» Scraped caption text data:
....

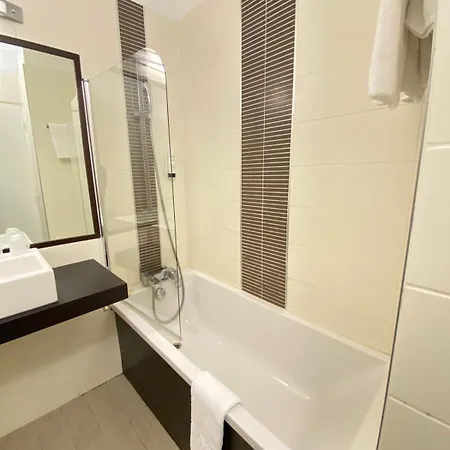 Hotel Contact Des Toulouse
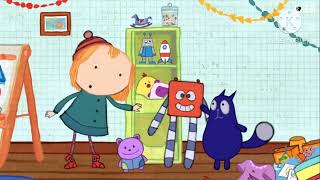 Peg  cat sorting song bloopers 2 [upl. by Alithea]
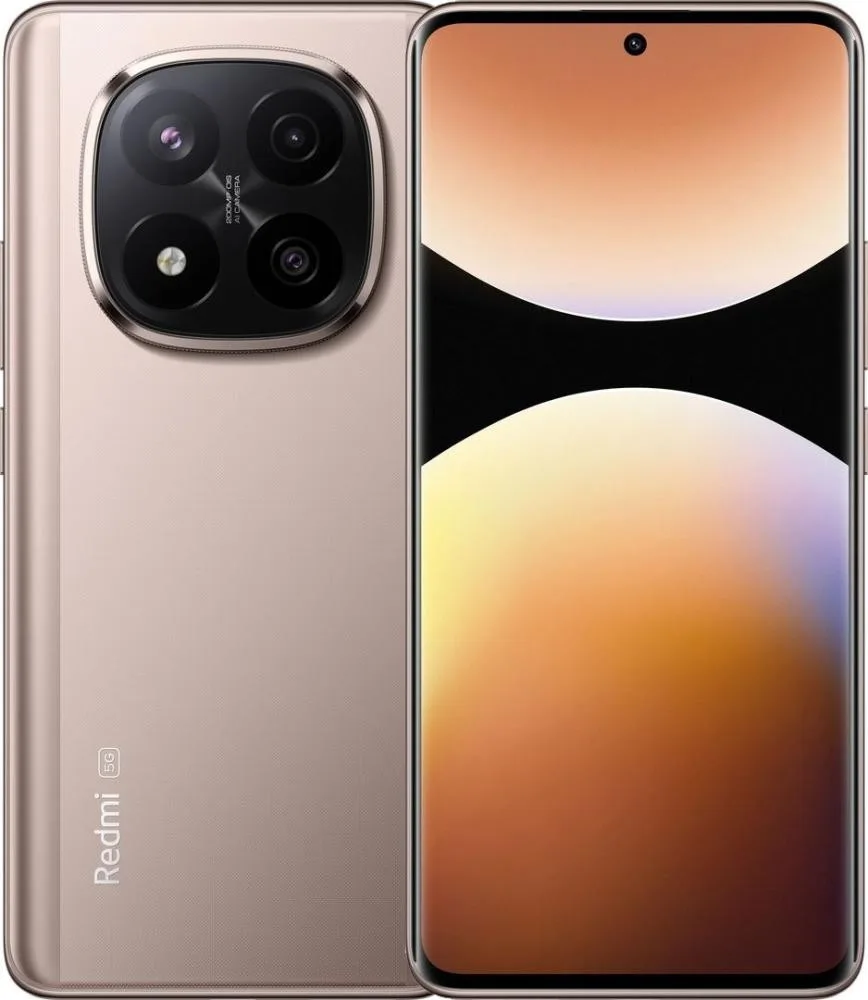 Смартфон Xiaomi Redmi Note 14 Pro+ 5G 8/256GB Sand Gold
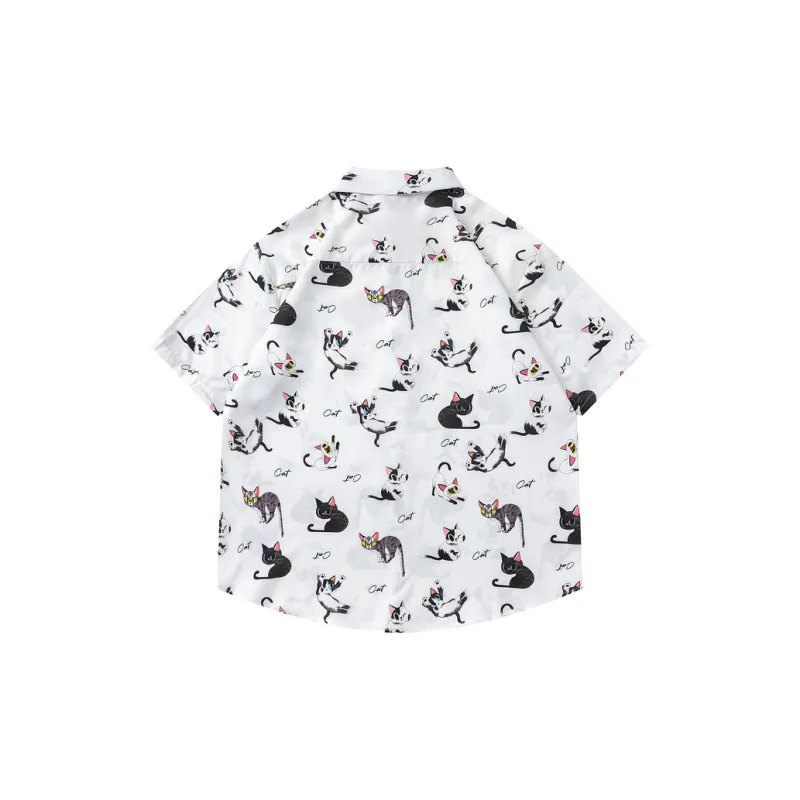 Flowers in water Shirts Unisex-3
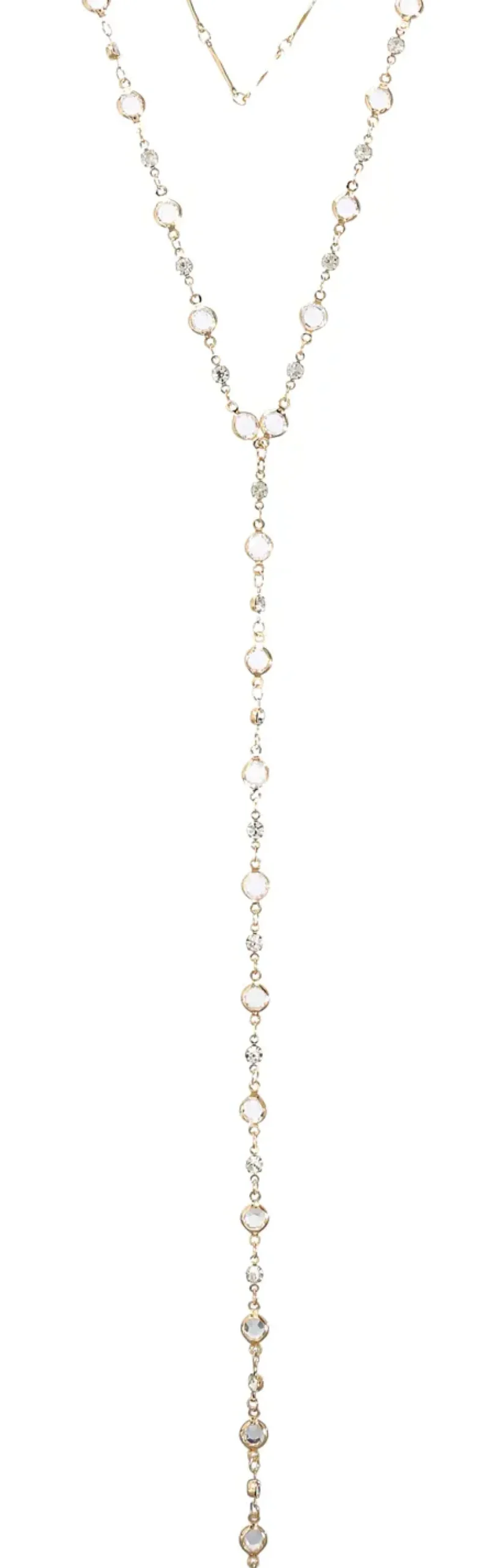 Bijou Brigitte Collier multirangs - Elegant Sparkles Hot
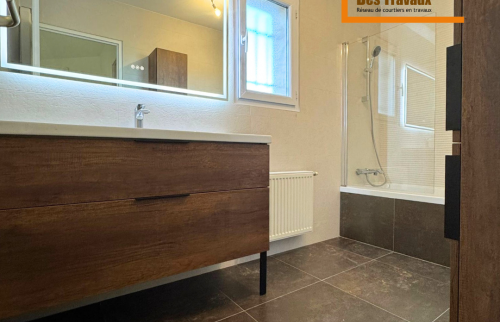 Salle de bain clé en main (69510 MESSIMY)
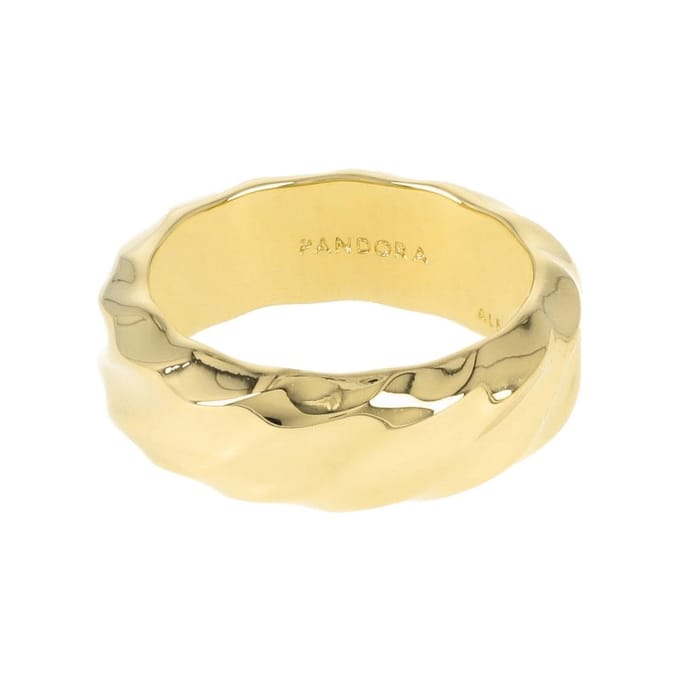 Ring Dames Pandora 193886C00-54 14 Zilverkleurig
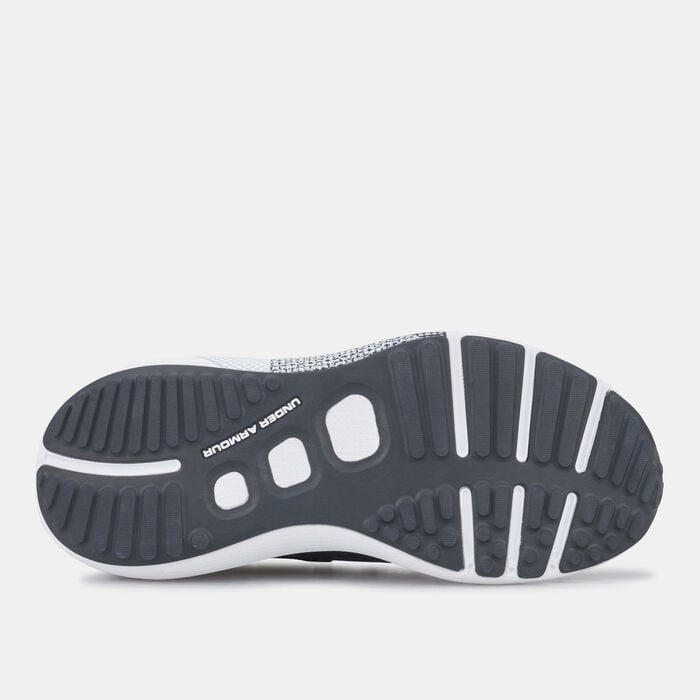 Under Armour Women's UA HOVR™ Phantom 3 Running Shoe Black Under Armour Women's UA HOVR™ Phantom 3 Running Shoe Black image number 4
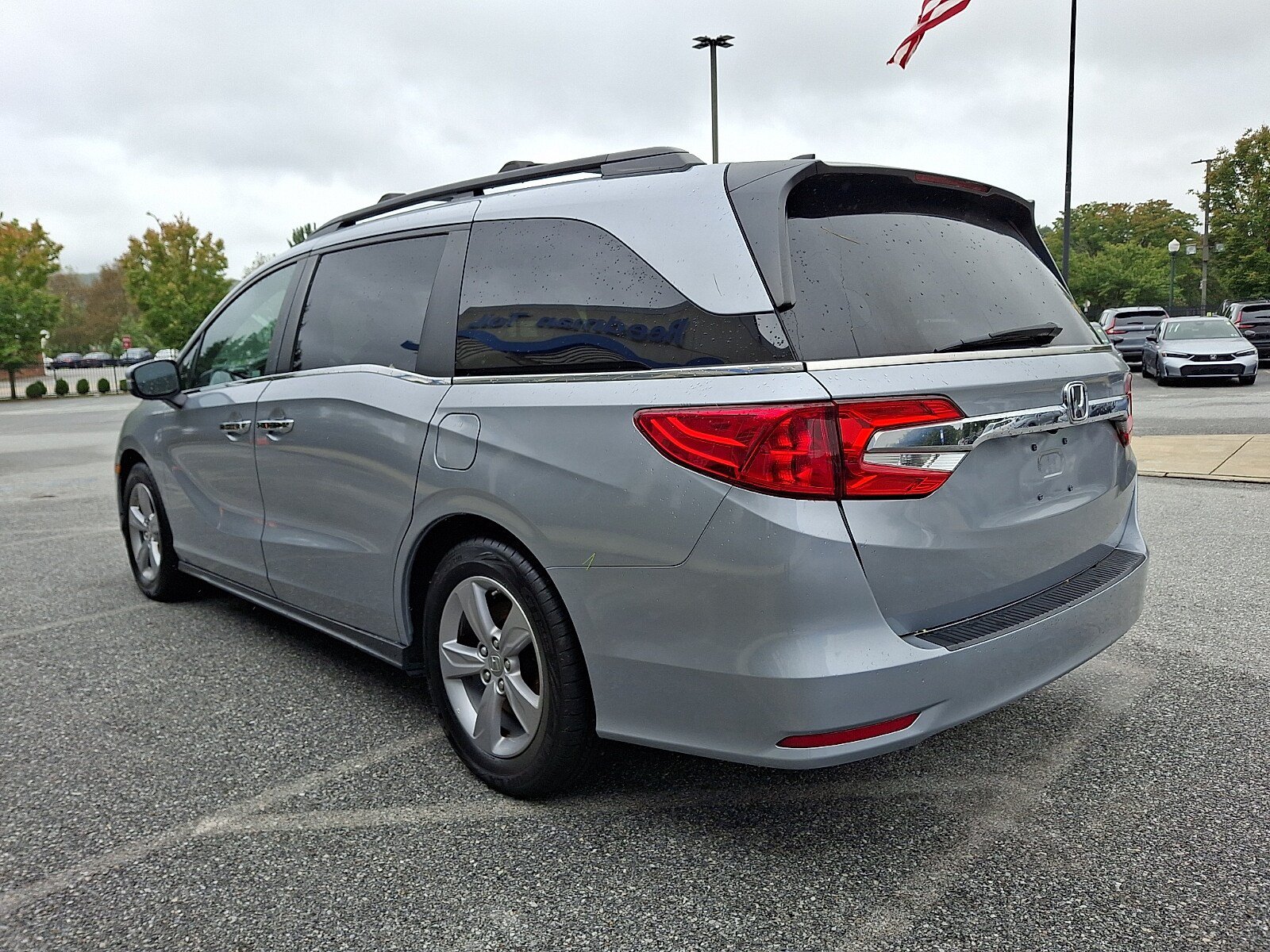 Used 2020 Honda Odyssey EX-L image 4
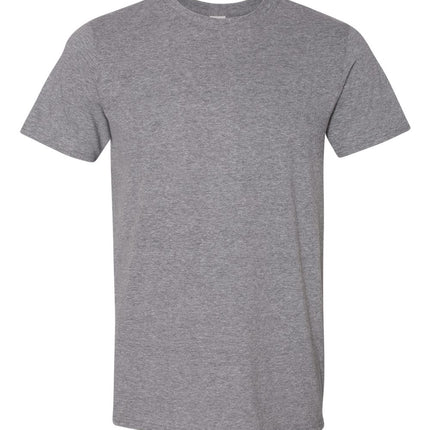 Gildan Unisex Softstyle® T‑Shirt – 64000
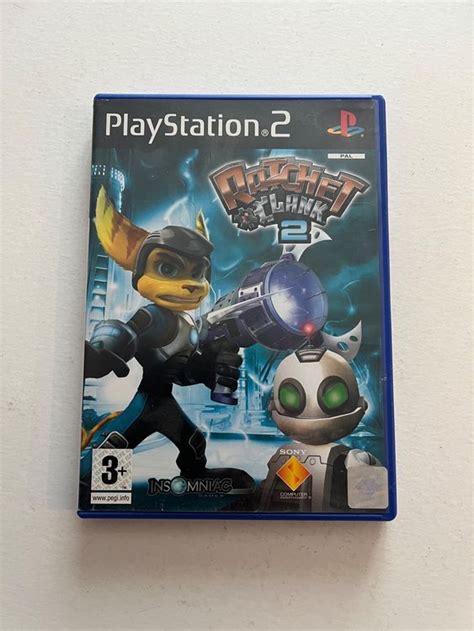 Ratchet Clank Ps Kaufen Auf Ricardo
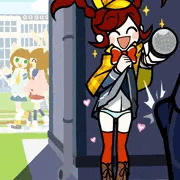周囲の男を勃起させまくる探偵美少女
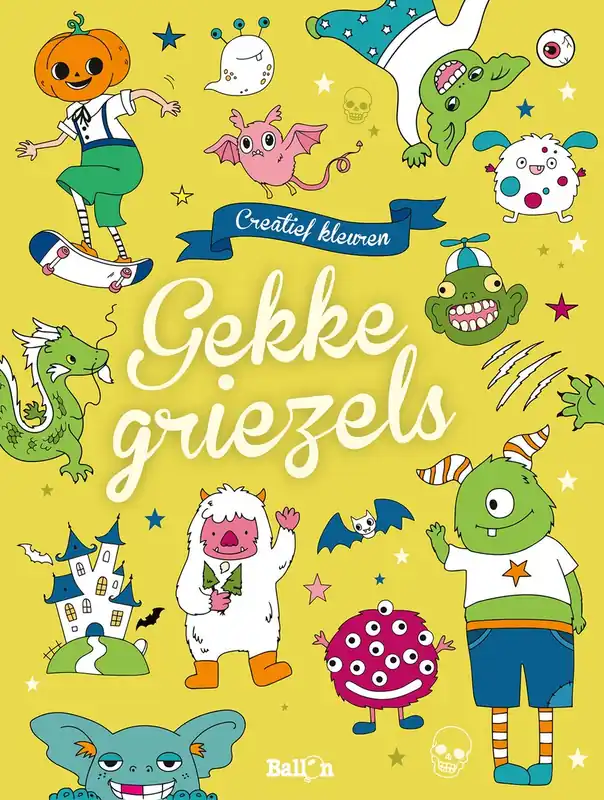 Gekke griezels Voordeelprijs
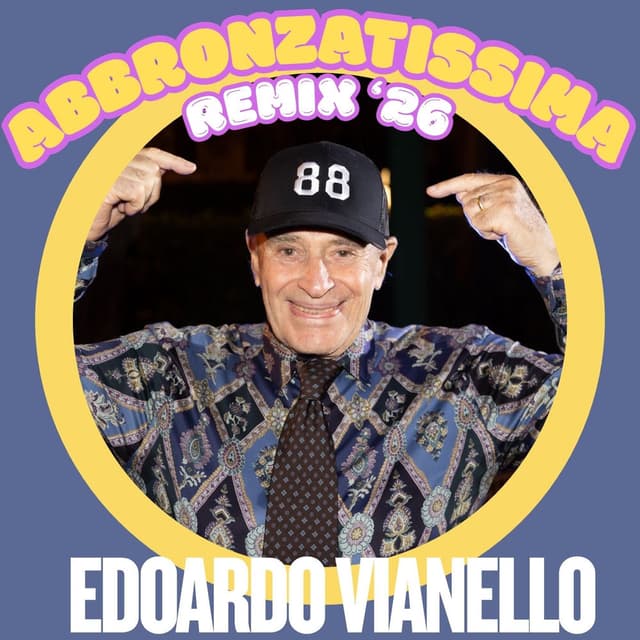 ABBRONZATISSIMA (Remix '26)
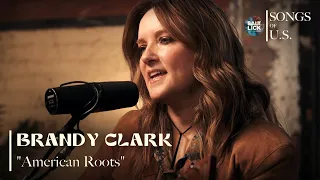 Brandy Clark performs "American Roots" | Salt Lick Sessions: Songs of U.S.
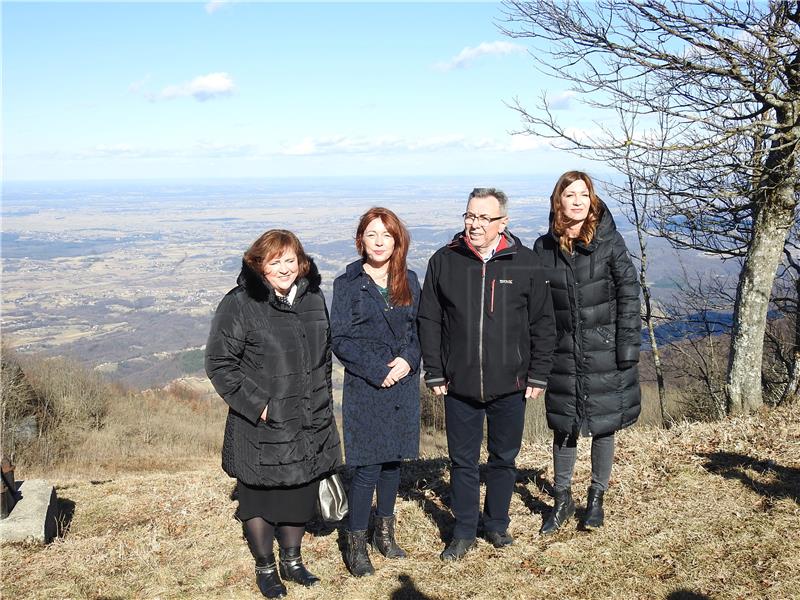 Potpisan Sporazum o suradnji o korištenju i zaštiti planine Ivančica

....

» DIRECTIONS: The data above must be given back verbatim, minus its images.

» RESPONSE BOX:
 Hotel Contact Des Toulouse
 Peg  cat sorting song bloopers 2 [upl. by Alithea]
 Смартфон Xiaomi Redmi Note 14 Pro+ 5G 8/256GB Sand Gold
 Flowers in water Shirts Unisex-3
 Bijou Brigitte Collier multirangs - Elegant Sparkles Hot
 Salle de bain clé en main (69510 MESSIMY)
 Ring Dames Pandora 193886C00-54 14 Zilverkleurig
 Under Armour Women's UA HOVR™ Phantom 3 Running Shoe Black Under Armour Women's UA HOVR™ Phantom 3 Running Shoe Black image number 4
 Used 2020 Honda Odyssey EX-L image 4
 Gildan Unisex Softstyle® T‑Shirt – 64000
 Ratchet Clank Ps Kaufen Auf Ricardo
周囲の男を勃起させまくる探偵美少女
 Gekke griezels Voordeelprijs
 ABBRONZATISSIMA (Remix '26)
 Brandy Clark performs "American Roots" | Salt Lick Sessions: Songs of U.S.
 Potpisan Sporazum o suradnji o korištenju i zaštiti planine Ivančica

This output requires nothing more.